Когда окончил училище, в Вахтанговский меня не взяли. Евгений Рубенович Симонов, который тогда возглавлял театр, честно сказал, что идет смена поколений и мне долго придется ждать ролей. Как же я тогда расстроился, не могу описать!
— Но вы не остались без театра?

— Да, меня брали сразу шесть столичных трупп. Вначале отправился в Театр на Таганке. Посмотрел весь репертуар, даже получил временное удостоверение. Но потом Любимов вызвал меня в свой знаменитый кабинет: «Вижу, что вы талантливый, но пока не знаю, что вы у меня будете играть». Обратился за советом к Катину-Ярцеву: «Куда идти?» А он: «Это твой путь, решай сам...» Замечательный актер, режиссер и педагог Владимир Шлезингер посоветовал: «Иди в «Сатиру», там много наших, щукинцев». Когда Плучек беседовал с тремя выпускниками «Щуки», которых взял в труппу, в конце разговора он двоих отпустил, а мне сказал, как Мюллер Штирлицу: «А вас я попрошу остаться». Потом встал — за ним висел большой портрет Мейерхольда — и произнес: «Юрий Борисович, я думаю, у вас будет счастливая жизнь в нашем театре».
— И оказался прав!
— Да!.. Кстати, поначалу зрители думали, что я сын Веры Кузьминичны Васильевой. А я действительно был ее сыном — в нескольких спектаклях, в кино, в телепостановках. Вера Кузьминична, в очередной раз развенчивая слухи о нашем родстве, улыбалась: «К сожалению, Юра не мой сын». Но народ все равно хотел верить, что мы одна семья. Помню, еду в театр на прогон юбилейного вечера Васильевой, а таксист подмигивает: «Ну что, к маме на юбилей?» Хотя накануне показывали документальный фильм, в котором я объяснял эту смешную ситуацию... В «Сатире» меня сразу заняли и в массовке, и в шести больших ролях — выходил на сцену почти каждый день! Первой значительной работой стал Голубков в «Беге», а всего за почти полвека сыграл более пятидесяти очень разноплановых ролей...

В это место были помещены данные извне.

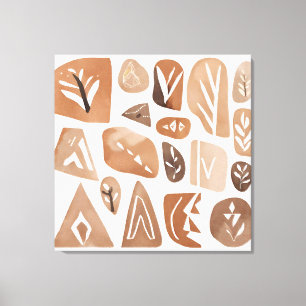 Estilo del arte botánico de la hoja de rock boho M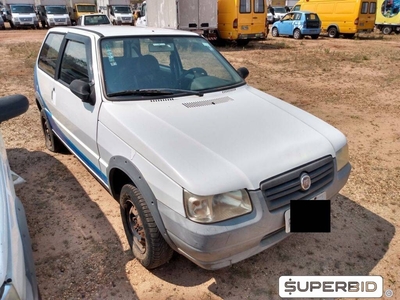 FIAT UNO MILLE WAY ECONOMY 1.0, 2010/2011, Placa FINAL 7 (SP),  (Ref.: TCD)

— Театр cатиры благодаря актерам, участвовавшим в телевизионном «Кабачке «13 стульев», в те годы был невероятно популярен. Но вы упомянули, что могли уйти из театра ради съемок одного кинопроекта. Мечтали быть режиссером?
— Нет, никогда! Просто жизнь так сложилась… Я начал как театральный режиссер: ставил и в «Сатире», и в других труппах. А в 2010 году драматург Виктор Добросоцкий показал мне пьесу «Продавец игрушек» и уговорил открыть свой театр. Я поставил по ней спектакль, который оказался очень успешным. Вскоре Добросоцкий предложил сделать по этой истории кино. В нем снялись некоторые актеры, занятые в спектакле, — Агния Дитковските, Таня Лютаева, Андрюша Барило...

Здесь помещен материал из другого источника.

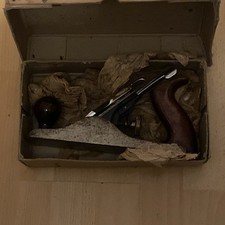 Vintage 9” Woden Smooth Plane No W4 Woodworking Made In England Boxed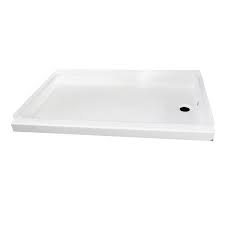 Specialty recreation sp2432wc shower pan 24x32 cntr drain white high impact abs. Abs Shower Pan 24 X 32 X 4 3 8 White With Right Drain Camping World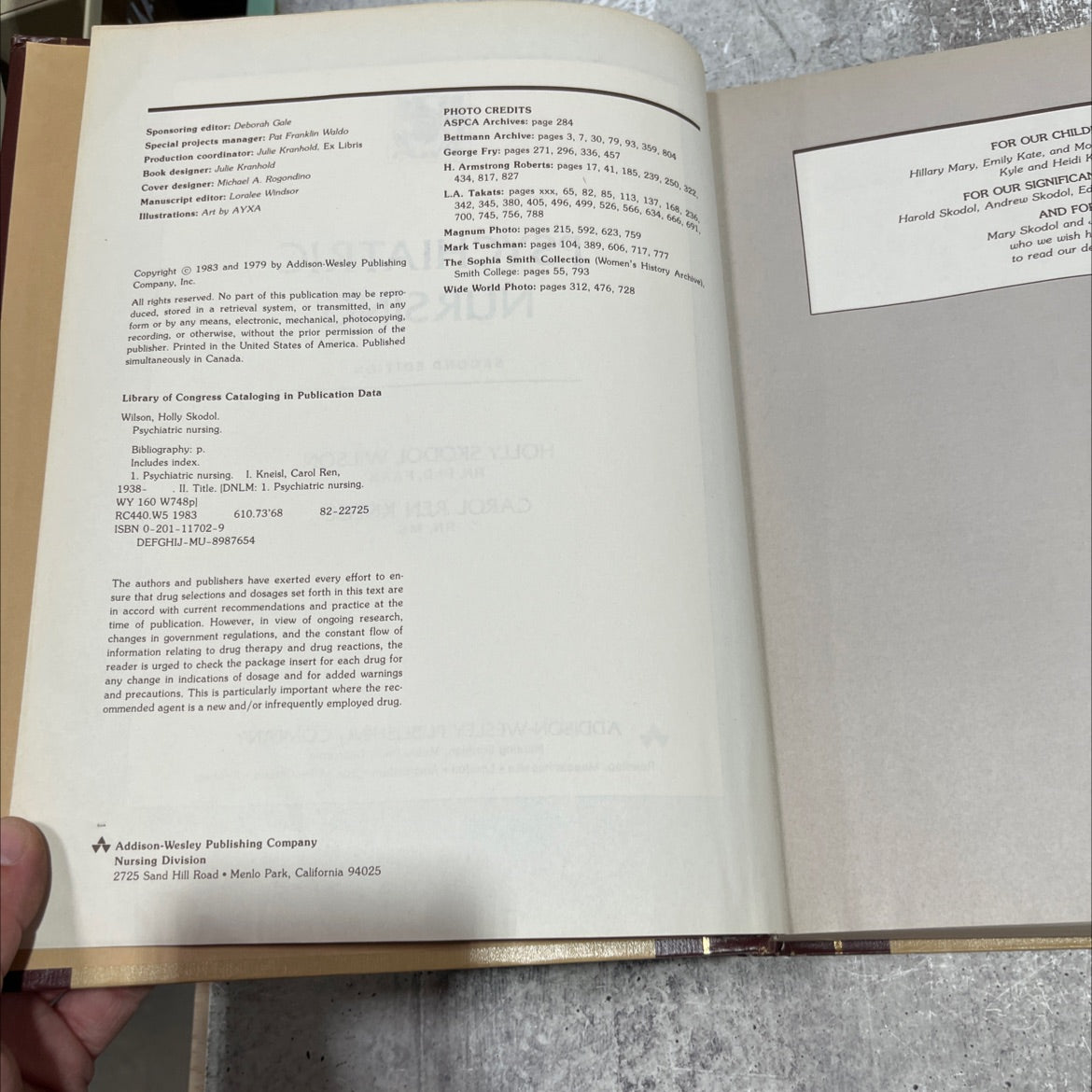 psychiatric nursing book, by holly skodol wilson, carol ren kneisl, 1983 Hardcover image 3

Когда первый раз встретился со съемочной группой — а там все молодые ребята, — на меня смотрели со снисходительным любопытством: «Ну ты же театральный артист, что можешь нам, людям кино, сказать?» Но я был готов — до этого прочитал книгу Митты «Кино между адом и раем». Там Александр Наумович пишет, что кино снимать очень легко: актерам нужно объяснить, что играть, оператору — куда поставить камеру. А режиссеру остается ходить по площадке и улыбаться! Это все, что я вынес из книги, и именно так и поступал. (Смеется.)
На самом деле все было непросто. Первый съемочный день, Подмосковье, дикий холод, группа курит и ждет от меня команды. Я подошел к ребятам и попросил сигарету, хотя до 57 лет вообще не курил! Просто от волнения мне надо было что-то сделать. Но потом справился с нервами. Любопытно, что на протяжении съемочного периода рядом с площадкой всегда оказывалась церковь — не только в Москве, но и в Париже. Я воспринимал это как очень хороший знак, благословение.

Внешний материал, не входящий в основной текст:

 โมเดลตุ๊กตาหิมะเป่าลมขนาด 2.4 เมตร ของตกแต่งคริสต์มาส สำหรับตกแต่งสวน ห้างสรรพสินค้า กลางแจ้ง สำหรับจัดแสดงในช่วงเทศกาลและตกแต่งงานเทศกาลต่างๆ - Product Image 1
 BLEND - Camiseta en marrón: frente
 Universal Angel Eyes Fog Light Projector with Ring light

— А как в вашем фильме появился Пьер Ришар?
— Просто случай, везение, подарок судьбы... Я сразу хотел, чтобы французского шоколадного короля играл француз. Перебирал в голове фильмы и вспомнил «Игрушку», в которой снялся Ришар. Сказал Добросоцкому: «Хорошо бы пригласить Пьера...» Но не знал, реально ли это. А Виктору удалось выйти на Ришара, показать ему сценарий. И тот согласился: «Доброе кино, я буду сниматься, вот мои свободные дни».
Но потом начались проблемы. Ришар сообщил, что у него изменилось расписание и мы должны снимать его раньше. А я как раз на Новый год улетел из Москвы — хотел отдохнуть в Праге, а потом в Берлине. Бросаю все и из Праги прилетаю в Париж. Сначала надо было провести кастинг на невесту главного героя. Смотрю одну, вторую, пятую актрису и понимаю, что представления французов о женской красоте и молодости сильно отличаются от наших! Мне показывают дам под сорок и далеко не красавиц. Я в шоке. Но тут наконец появляется молодая актриса, которая абсолютно совпала с моим представлением о роли.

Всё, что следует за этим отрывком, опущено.